Kaum hatte sich die Türe hinter dem Krieger geschlossen, funkelte sie Darken aufgebracht an. "Du?" Sie zitterte schon fast vor Wut und brachte die Worte kaum hervor. "Wie kannst du es nur wagen?" Was, wenn er nun ihre Kunst gebraucht hätte. Sie hätte es ihm nicht geben können und er wäre vielleicht gestorben, bis Sesha gekommen wäre. Er konnte es sich gerade überhaupt nicht leisten, noch mehr Blut zu verlieren. Sie hatte ihm vertraut, dass er keine Dummheiten machen würde und nun setzte er alles für ein bisschen Sex aufs Spiel.
"Ich werde dich ans Bett fesseln, damit du keine solche Dummheiten mehr machen kannst", zischte sie tonlos und meinte es durchaus ernst. Obwohl sie wusste, wie sehr Darken das hasste.
"Das wirst du nicht tun", erklang hinter ihr die Stimme der Königin, ruhig, fest und entgültig bestimmend. Beim Feuer der Hölle, warum musste sie immer sofort wissen, wenn jemanden in ihrer Umgebung aufgebracht war. Aber vielleicht hatte sie gerade zum ungünstisten, oder auch passendsten Moment ihren Bruder besuchen wollen.
"Eoshan, ich...", wollte Lia sich beherrscht erklären, doch die Schwarze Witwe schnitt ihr mit einer Handbewegung das Wort ab. Lia klappte abrupt den Mund zu und schwieg.
"Was ist passiert?"
Lias Gedanken rasten. Sie könnte nun sagen, was passiert war, aber das wäre sowohl Darken, als auch Eoshan wohl sehr unangenehm.
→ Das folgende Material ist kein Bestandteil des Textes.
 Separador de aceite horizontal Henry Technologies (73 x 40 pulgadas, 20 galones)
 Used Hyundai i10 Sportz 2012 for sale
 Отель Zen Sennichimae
Die junge Frau war doch noch so unerfahren. Vielleicht konnte sie den Geruch nicht zuordnen.
"Ich habe nicht aufgepasst", erklärte sie wahrheitsgemäss. Inzwischen hatte sie sich wieder etwas beruhigt und ihre Wut war sowieso schon längst von der Autorität der Königin unterdrückt und weggefegt worden. "Dabei ist seine tiefe Wunde am Handgelenk wieder aufgebrochen. Ich werde sie nun nähen müssen."
Sie schaffte es kaum, Eoshans eindringlichen Blick zu erwidern. "Du überanstrengst dich doch nicht wieder Liasanya?" fragte diese schon fast drohend und dunkel. "Wir haben doch eben erst heute Vormittag darüber gesprochen." Hastig schüttelte Lia den Kopf.
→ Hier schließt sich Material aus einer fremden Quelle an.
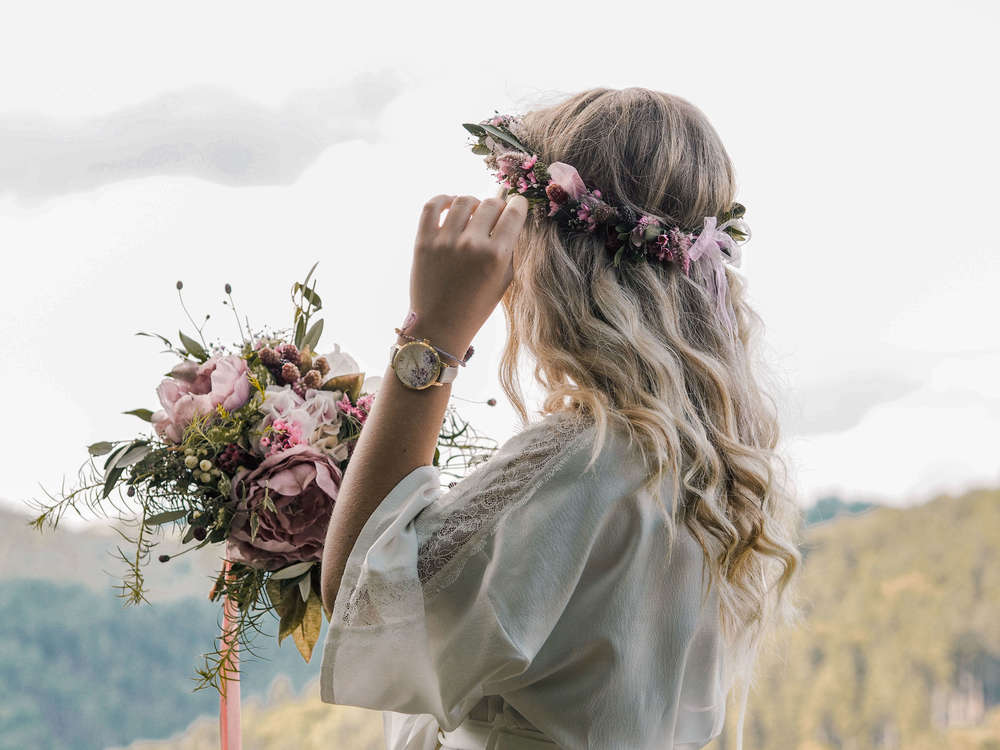 SUNDAY ROSE Spirit BLOOM SUN-S08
"Nein, es geht schon. Sescha kann es sich dann ja nachher noch einmal ansehen", beteuerte sie und nach einem letzten langen Blick, nickte die Königin schliesslich. "In Ordnung. Ich werde später noch einmal vorbei sehen."
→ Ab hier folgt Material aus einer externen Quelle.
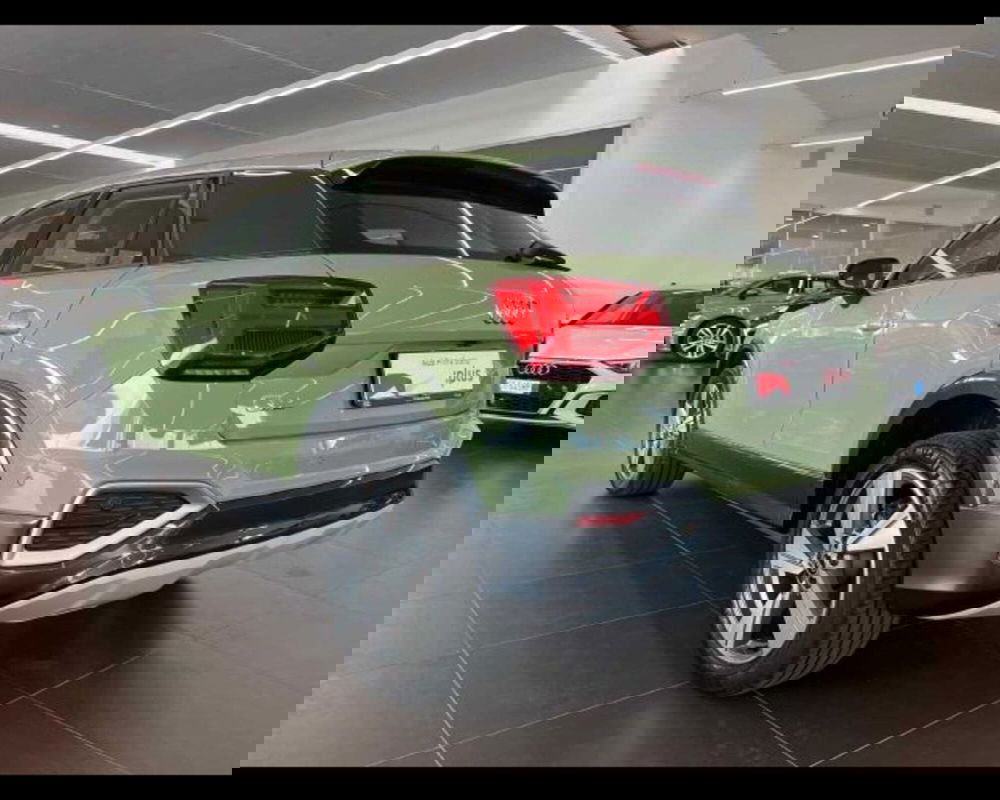 Audi Q2 usata a Bologna (2)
Der Heilerin blieb nichts anderes mehr übrig, als schwach mit dem Kopf zu nicken und zu zu sehen, wie Eoshan die Krankenstation verlies. Ihre Knie waren ganz weich geworden und sie setzte sich erst einmal auf den Stuhl, den Merion vorhin herbei geholt hatte. Dann schloss sie ihre Augen und atmete ein paar mal tief durch. Ihre Hände zitterten. Lia hatte der Ausstrahlung und Kraft der Königin nicht viel entgegen zu setzen und wenn Eoshan dies selten genug einmal einsetzte, dann tat sie es richtig. Dann konnte man ganz Dea al Mon in ihr spüren und das war sehr überwältigend und atemberaubend.